Each week as part of SunLit — The Sun’s literature section — we feature staff recommendations from book stores across Colorado. This week, the staff from Explore Booksellers in Aspen recommends a novel take on AI, an examination of the problem of plenty and a Dutch post-WWII tale.
The Maniac
By Benjamin Labatut
Avid Reader Press / Simon & Schuster
$26.96
May 2024
Purchase

From the publisher: Benjamín Labatut’s “When We Cease to Understand the World” electrified a global readership. A Booker Prize and National Book Award finalist, and one of The New York Times’ 10 Best Books of the Year, it explored the life and thought of a clutch of mathematicians and physicists who took science to strange and sometimes dangerous new realms. In “The Maniac,” Labatut has created a tour de force on an even grander scale.
A prodigy whose gifts terrified the people around him, John von Neumann transformed every field he touched, inventing game theory and the first programmable computer, and pioneering AI, digital life, and cellular automata. Through a chorus of family members, friends, colleagues, and rivals, Labatut shows us the evolution of a mind unmatched and of a body of work that has unmoored the world in its wake.

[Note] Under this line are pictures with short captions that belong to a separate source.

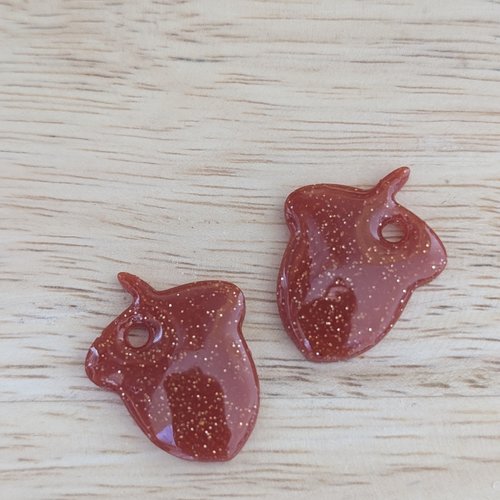 Pampilles " noisettes"  en résine terracotta pailletée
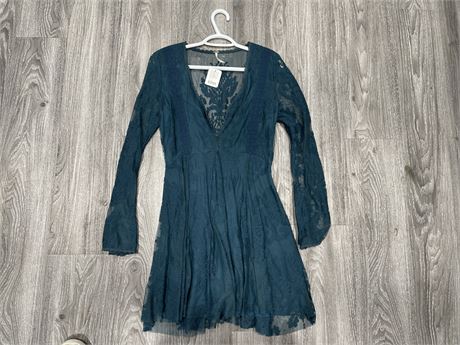 FREE PEOPLE DRESS SIZE 6 NEW WITH TAGS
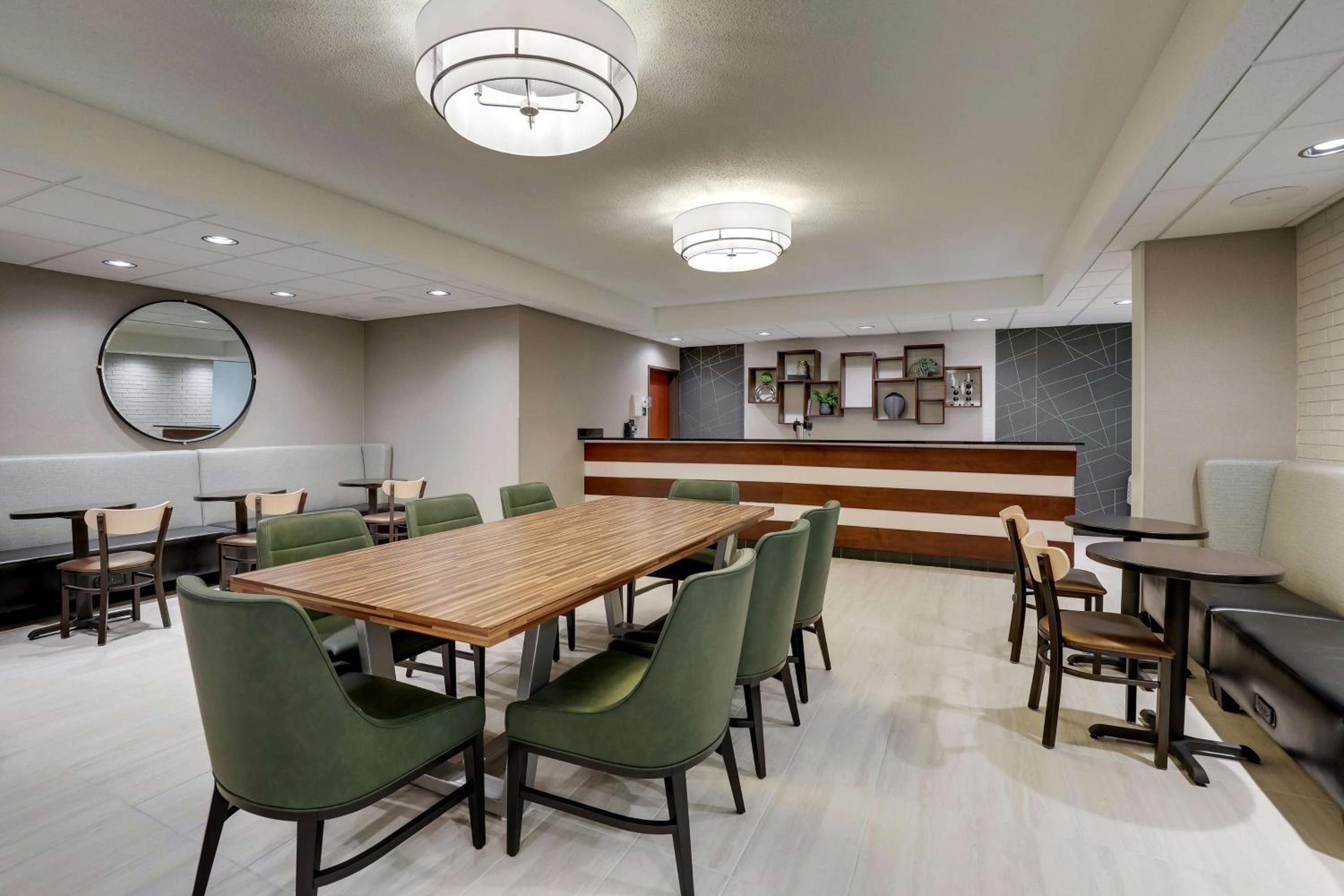 Cape Girardeau Vacations - Drury Inn  Suites Cape Girardeau - Property Image 3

From Bobby Moyer, bookseller: An unclassifiable novel, at once historical while managing to invoke new insight with flourishes of philosophical import, Labatut descends into the mind and matter of one of history’s most consequential figures. In prose that reads with the rapidity of a thriller, Labatut braids a narrative that leaves the reader to face consequences that are at once foreign, but seemingly come to be viewed as inevitable. Suggested for those who enjoyed “Oppenheimer” or read “American Prometheus.”
The Taming of Scarcity and the Problems of Plenty
By Francis J. Gavin
Routledge
$19.54
March 2024
Purchase

From the publisher: This book upends our understanding of international relations, and the grand strategies needed to navigate a complex, dangerous world, by describing how the world has transitioned from the problems of scarcity to the problems of plenty.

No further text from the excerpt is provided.